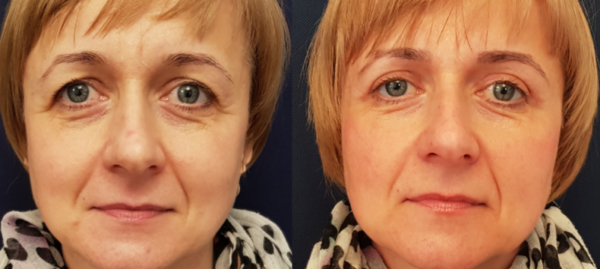 Eyelid correction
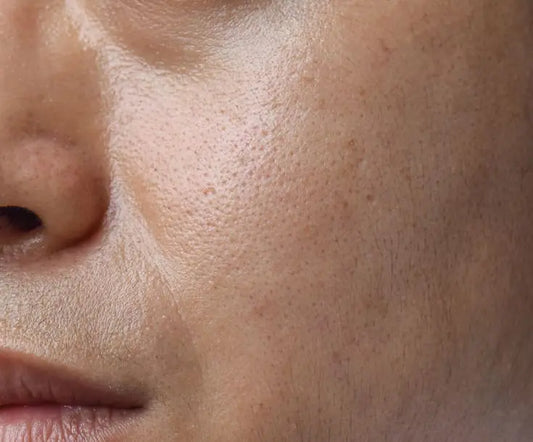 Laser Season Is Back: Why Autumn Is the Perfect Time to Treat Summer Skin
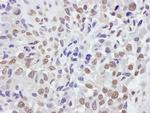 TRIM33/TIF1gamma Polyclonal Antibody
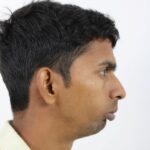 2 TMJ ANkylosis PreOP 3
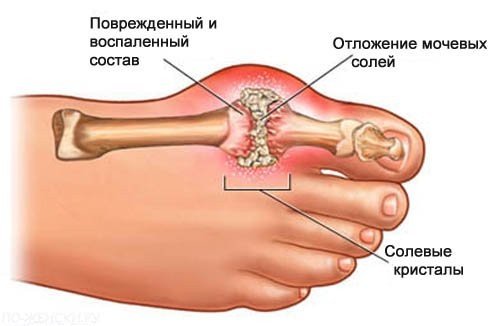 Подагрический артрит — симптомы и лечение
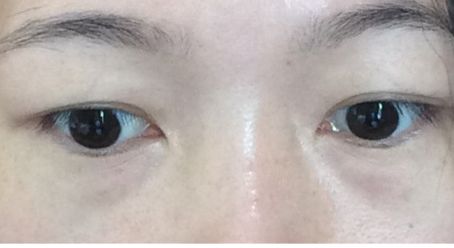 西南醫(yī)院最佳雙眼皮醫(yī)生推薦！王量、李世榮經(jīng)驗(yàn)分享&眼部整形案例揭秘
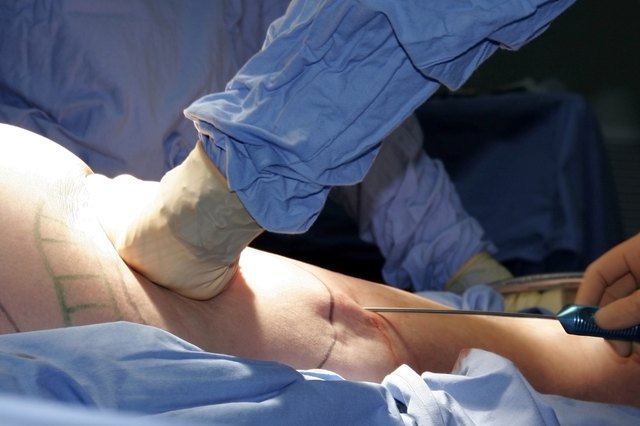 cosmetic liposuction surgery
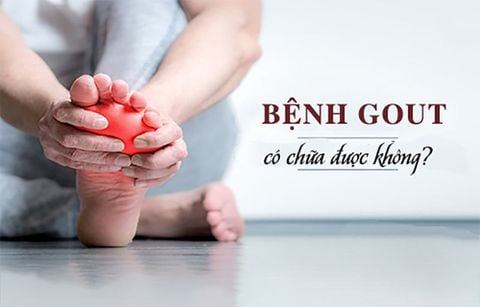 Bệnh gout có chữa được không? Những biện pháp phòng ngừa bệnh gout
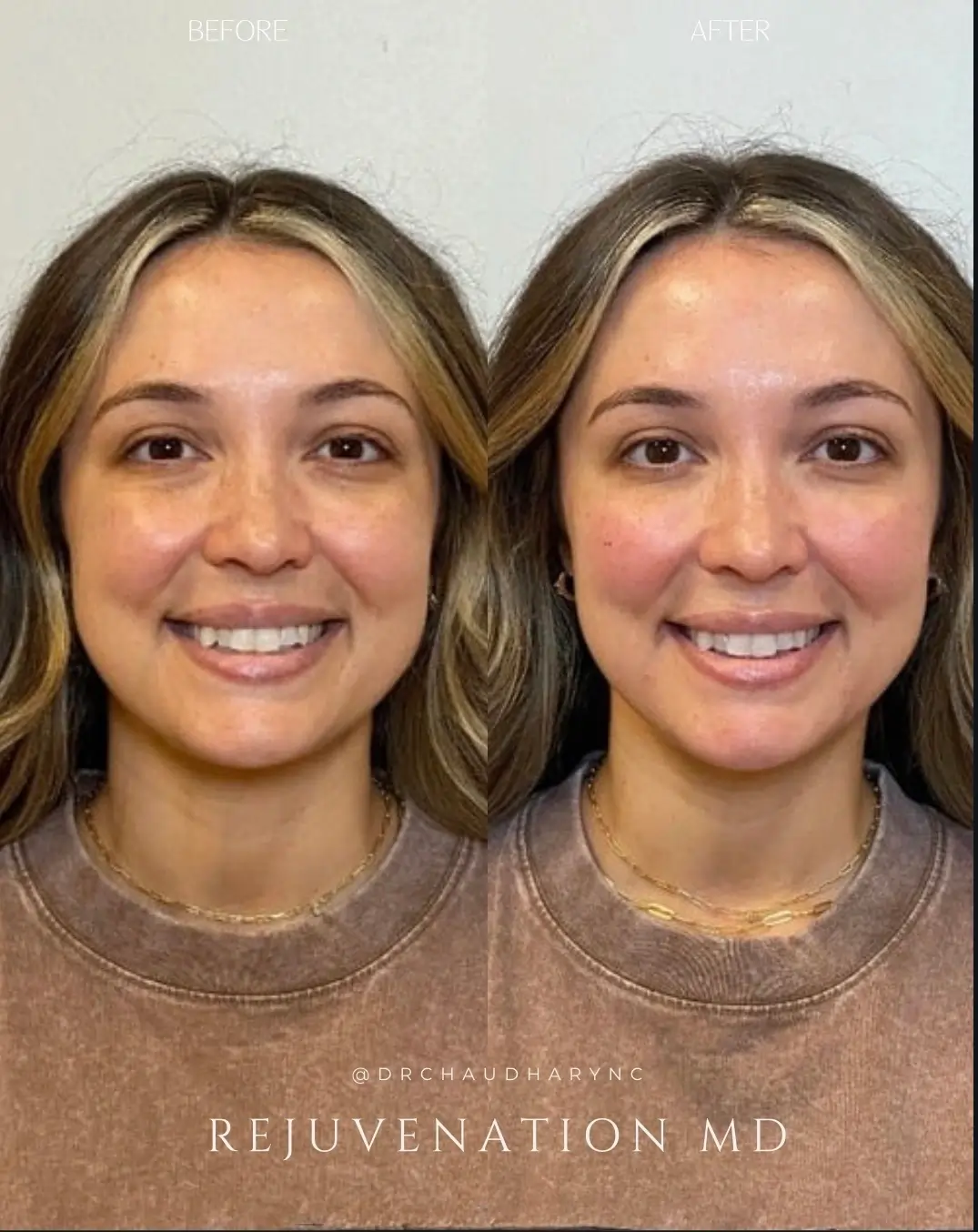 dermal filler treatment before and after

Task description: Without the pictures, retype exactly the lines from the one that holds "Bệnh gout có" to the last line of the data above, both of them included.

Solution for this exercise:
 Bệnh gout có chữa được không? Những biện pháp phòng ngừa bệnh gout
 dermal filler treatment before and after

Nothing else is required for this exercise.